McWilliams described the logistics of the attacks this way: “Sailors in the lead car sighted a Mexican boy in a zoot suit walking along the street. The ‘task force’ immediately stopped and, in a few moments, the boy was lying on the pavement, badly beaten and bleeding. The sailors then piled back into the cabs and the caravan resumed its way until the next zoot-suiter was sighted, whereupon the same procedure was repeated.”
From June 3 to 8, the Zoot Suit Riots took over Los Angeles’s downtown section. Sailors even beat Mexican and Mexican Americans who were not pachucos, at one point dragging innocent people from movie theaters. The LAPD did nothing to stop it and arrested only those of Mexican heritage. Eventually, military officials barred sailors from going into the downtown area, bringing an end to the violence.

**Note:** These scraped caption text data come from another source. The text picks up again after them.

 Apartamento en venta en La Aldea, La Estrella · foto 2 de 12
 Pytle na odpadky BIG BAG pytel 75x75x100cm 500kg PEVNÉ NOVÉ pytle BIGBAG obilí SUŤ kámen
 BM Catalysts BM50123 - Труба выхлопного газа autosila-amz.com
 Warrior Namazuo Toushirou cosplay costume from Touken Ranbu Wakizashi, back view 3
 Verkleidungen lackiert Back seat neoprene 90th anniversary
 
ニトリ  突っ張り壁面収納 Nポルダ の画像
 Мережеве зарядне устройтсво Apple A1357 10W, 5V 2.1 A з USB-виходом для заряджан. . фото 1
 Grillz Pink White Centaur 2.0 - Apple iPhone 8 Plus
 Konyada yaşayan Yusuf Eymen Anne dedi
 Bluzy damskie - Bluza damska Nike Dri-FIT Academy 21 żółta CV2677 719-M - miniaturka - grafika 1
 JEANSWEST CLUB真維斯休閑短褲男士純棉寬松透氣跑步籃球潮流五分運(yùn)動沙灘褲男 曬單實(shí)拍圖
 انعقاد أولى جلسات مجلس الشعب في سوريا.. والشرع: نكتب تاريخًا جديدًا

During the 1960s, the Chicano movement celebrated Pachucos as positive symbols of resistance. But at the time of the riots, even some members within the Mexican American communities feared that the pachucos were a violent gang. The context of World War II intensified patriotism, which in turn magnified perceptions of people who were different as un-American. All of this fed into the public’s increasing concern over supposed gang violence that the LAPD, media and community leaders sought to suppress.

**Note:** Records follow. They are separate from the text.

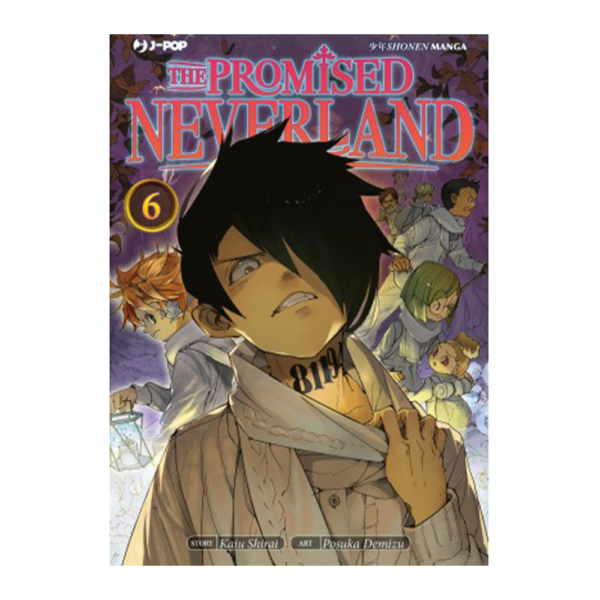 The Promised Neverland vol. 06
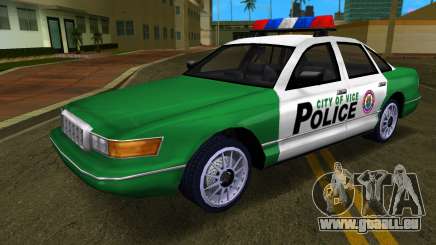 1997 Stanier Police Green pour GTA Vice City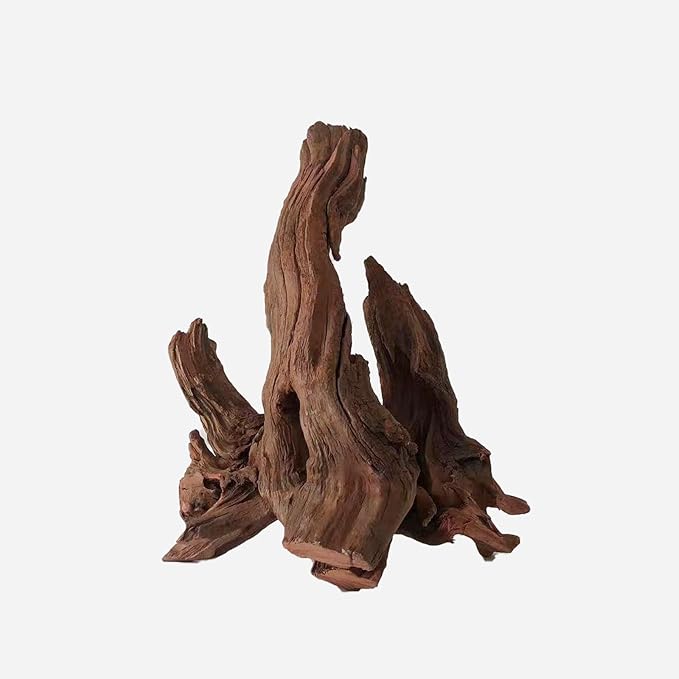 LYPHARD AQUARIUMS Natural Driftwood for Aquarium Decor, L12.99×W8.66×H14.96 Inches Large Drift Wood Decorations for Reptile Hide, Fish Tank, Optional Shapes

In short, the volatile mix of stereotypes, fear and national security concerns fueled the Zoot Suit Riots. These ingredients are mixing again with national discussion of MS-13.
The question is not whether MS-13 exists or how dangerous the gang is. Rather, the question is whether that danger is equal to the national attention Trump gives them. The escalating controversy over MS-13 has even included an Albuquerque Journal political cartoon that intertwined MS-13 with Dreamers and border security. In the cartoon, assailants with baggy and sagging pants — one wearing a vest marked, “MS-13” — mug a well-dressed white couple. With their hands up, the white man tells the woman, “Now honey … I believe they prefer to be called ‘Dreamers’ … or future Democrats …”
Like the pachucos 75 years ago, MS-13 has become a perfect villain. The fear over the gang is the latest example of the tired trope that immigrants, or anyone perceived as an outsider, commit more crimes than native-born citizens. But in fact the opposite is true. Cracking down on MS-13 is not the solution to crime or immigration.
Indeed, funneling resources toward battling MS-13 has taken them away from other pressing problems. Opioid addiction and human trafficking both constitute bigger threats in Los Angeles, Long Island and outside Washington, D.C., the three areas where MS-13 has its largest presence.
As the Zoot Suit Riots showed, turning a group of people into a bigger problem than they actually are does nothing to ease tensions, and instead only adds to them. And in this case, it is taking resources away from fighting actual threats to public safety.